Department of Ophthalmology, Medical Research Institute, Pusan National University Hospital, Busan, South Korea.
Retina. 2019 Jul;39(7):1361-1369. doi: 10.1097/IAE.0000000000002150.
To investigate the difference in choroidal hyperpermeability (CH) assessed using digital fundus camera (DFC) and scanning laser ophthalmoscope (SLO) and its effect on photodynamic therapy (PDT) outcomes in chronic central serous chorioretinopathy.
Midphase indocyanine green angiography (ICGA) images were acquired using both DFC and SLO in 38 consecutive eyes with chronic central serous chorioretinopathy in this retrospective study. Scanning laser ophthalmoscope-ICGA was taken immediately after DFC-ICGA. Photodynamic therapy was applied to the area of CH associated with subretinal fluid (CH-SRF). The main outcome measures included the areas of CH in the macula and CH-SRF, resolution of SRF, and change in the best-corrected visual acuity.
Areas of CH (5.187 ± 2.625 mm vs. 3.170 ± 1.661 mm, P < 0.001) and CH-SRF (2.315 ± 1.111 mm vs. 1.465 ± 0.709 mm, P < 0.001) were greater in DFC than in SLO. Sixteen eyes underwent DFC ICGA-guided PDT (DFC-PDT group) and 22 underwent SLO ICGA-guided PDT (SLO-PDT group). Subretinal fluid resolution at 12 months was 100.0% and 90.9% in the DFC-PDT and SLO-PDT groups, respectively, without statistical differences. The improvement of best-corrected visual acuity was earlier in the SLO-PDT group than in the DFC-PDT group (3 months, P = 0.002 vs. 6 months, P = 0.003), but the final best-corrected visual acuity showed no difference.
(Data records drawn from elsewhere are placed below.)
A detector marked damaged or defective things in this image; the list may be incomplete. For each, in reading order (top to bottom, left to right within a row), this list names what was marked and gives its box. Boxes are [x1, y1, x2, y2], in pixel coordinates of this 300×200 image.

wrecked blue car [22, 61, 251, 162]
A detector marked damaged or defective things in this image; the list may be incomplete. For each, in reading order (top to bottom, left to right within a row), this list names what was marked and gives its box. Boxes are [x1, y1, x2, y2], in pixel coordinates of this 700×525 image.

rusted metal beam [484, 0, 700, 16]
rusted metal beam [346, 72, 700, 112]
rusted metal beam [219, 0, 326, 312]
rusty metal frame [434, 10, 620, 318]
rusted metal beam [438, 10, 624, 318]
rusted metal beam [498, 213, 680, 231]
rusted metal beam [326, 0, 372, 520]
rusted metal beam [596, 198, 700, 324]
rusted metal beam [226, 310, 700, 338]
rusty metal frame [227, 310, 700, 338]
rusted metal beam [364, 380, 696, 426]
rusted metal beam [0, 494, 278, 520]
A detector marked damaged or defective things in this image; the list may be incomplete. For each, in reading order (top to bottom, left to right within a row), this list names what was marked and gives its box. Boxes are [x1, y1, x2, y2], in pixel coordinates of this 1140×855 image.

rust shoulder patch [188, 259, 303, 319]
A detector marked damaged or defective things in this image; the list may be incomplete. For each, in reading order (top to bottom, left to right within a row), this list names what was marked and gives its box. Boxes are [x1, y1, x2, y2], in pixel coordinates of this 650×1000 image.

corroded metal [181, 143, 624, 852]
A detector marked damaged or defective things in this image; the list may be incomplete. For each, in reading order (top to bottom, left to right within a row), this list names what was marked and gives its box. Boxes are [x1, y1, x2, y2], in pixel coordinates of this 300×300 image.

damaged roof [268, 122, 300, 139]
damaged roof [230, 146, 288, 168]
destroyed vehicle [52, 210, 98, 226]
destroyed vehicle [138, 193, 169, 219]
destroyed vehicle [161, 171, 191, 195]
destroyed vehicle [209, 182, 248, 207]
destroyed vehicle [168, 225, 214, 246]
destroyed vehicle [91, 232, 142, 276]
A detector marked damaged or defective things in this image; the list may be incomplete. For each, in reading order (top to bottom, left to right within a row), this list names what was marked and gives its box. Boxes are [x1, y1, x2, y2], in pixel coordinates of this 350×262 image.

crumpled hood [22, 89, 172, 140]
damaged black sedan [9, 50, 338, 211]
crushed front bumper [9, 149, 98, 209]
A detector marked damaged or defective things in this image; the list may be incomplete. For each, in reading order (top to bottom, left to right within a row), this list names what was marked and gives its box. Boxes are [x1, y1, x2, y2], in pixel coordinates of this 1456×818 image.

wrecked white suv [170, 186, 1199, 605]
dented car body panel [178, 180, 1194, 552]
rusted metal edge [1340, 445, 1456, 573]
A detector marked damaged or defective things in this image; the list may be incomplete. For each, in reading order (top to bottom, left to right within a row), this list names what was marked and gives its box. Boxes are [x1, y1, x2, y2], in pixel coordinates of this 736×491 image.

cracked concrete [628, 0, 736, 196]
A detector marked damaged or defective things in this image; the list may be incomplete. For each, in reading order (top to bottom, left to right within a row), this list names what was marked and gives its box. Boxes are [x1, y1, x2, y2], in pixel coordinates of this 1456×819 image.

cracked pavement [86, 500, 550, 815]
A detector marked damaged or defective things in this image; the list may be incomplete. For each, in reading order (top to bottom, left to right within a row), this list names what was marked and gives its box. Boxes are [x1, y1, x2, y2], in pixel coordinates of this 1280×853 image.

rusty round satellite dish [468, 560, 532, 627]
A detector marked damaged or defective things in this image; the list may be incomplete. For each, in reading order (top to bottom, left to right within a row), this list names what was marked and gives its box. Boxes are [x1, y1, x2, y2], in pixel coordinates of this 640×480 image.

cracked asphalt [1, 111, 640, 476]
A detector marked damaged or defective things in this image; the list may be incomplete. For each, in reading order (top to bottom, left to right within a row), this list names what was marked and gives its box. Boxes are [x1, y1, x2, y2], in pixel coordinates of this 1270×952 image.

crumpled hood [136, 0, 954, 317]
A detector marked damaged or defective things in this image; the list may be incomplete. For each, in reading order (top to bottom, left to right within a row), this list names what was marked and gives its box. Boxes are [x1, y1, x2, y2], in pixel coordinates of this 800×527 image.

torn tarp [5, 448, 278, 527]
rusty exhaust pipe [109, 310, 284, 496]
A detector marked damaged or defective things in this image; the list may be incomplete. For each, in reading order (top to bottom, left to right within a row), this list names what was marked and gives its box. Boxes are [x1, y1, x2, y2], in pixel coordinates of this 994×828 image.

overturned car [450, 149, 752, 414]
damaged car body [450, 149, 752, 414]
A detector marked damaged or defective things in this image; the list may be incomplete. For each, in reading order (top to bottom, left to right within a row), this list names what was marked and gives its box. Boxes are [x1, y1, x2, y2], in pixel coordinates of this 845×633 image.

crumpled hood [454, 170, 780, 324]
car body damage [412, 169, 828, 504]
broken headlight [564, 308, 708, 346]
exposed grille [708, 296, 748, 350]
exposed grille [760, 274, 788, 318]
In chronic central serous chorioretinopathy, larger areas of CH and CH-SRF were observed with DFC than with SLO, which caused the ophthalmologists performing ICGA-guided PDT to determine a larger laser spot. This seemed to affect the time of visual recovery, but not the final outcome.
探讨眼底数字相机(DFC)和扫描激光检眼镜(SLO)评估脉络膜高通透性(CH)的差异及其对慢性中心性浆液性脉络膜视网膜病变光动力疗法(PDT)结果的影响。
在这项回顾性研究中,对 38 只连续的慢性中心性浆液性脉络膜视网膜病变眼同时使用 DFC 和 SLO 进行中时吲哚青绿血管造影(ICGA)图像采集。SLO-ICGA 在 DFC-ICGA 后立即进行。将 PDT 应用于与视网膜下液(CH-SRF)相关的 CH 区域。主要观察指标包括黄斑 CH 区和 CH-SRF 区面积、视网膜下液的消退情况以及最佳矫正视力的变化。
DFC 组 CH(5.187±2.625mm 比 3.170±1.661mm,P<0.001)和 CH-SRF(2.315±1.111mm 比 1.465±0.709mm,P<0.001)的面积均大于 SLO 组。16 只眼行 DFC ICGA 引导 PDT(DFC-PDT 组),22 只眼行 SLO ICGA 引导 PDT(SLO-PDT 组)。12 个月时,DFC-PDT 组和 SLO-PDT 组视网膜下液的消退率分别为 100.0%和 90.9%,差异无统计学意义。SLO-PDT 组视力矫正的改善早于 DFC-PDT 组(3 个月,P=0.002 比 6 个月,P=0.003),但最终最佳矫正视力无差异。
在慢性中心性浆液性脉络膜视网膜病变中,DFC 观察到的 CH 和 CH-SRF 区面积大于 SLO,这导致进行 ICGA 引导 PDT 的眼科医生确定了更大的激光光斑。这似乎影响了视力恢复的时间,但不影响最终结果。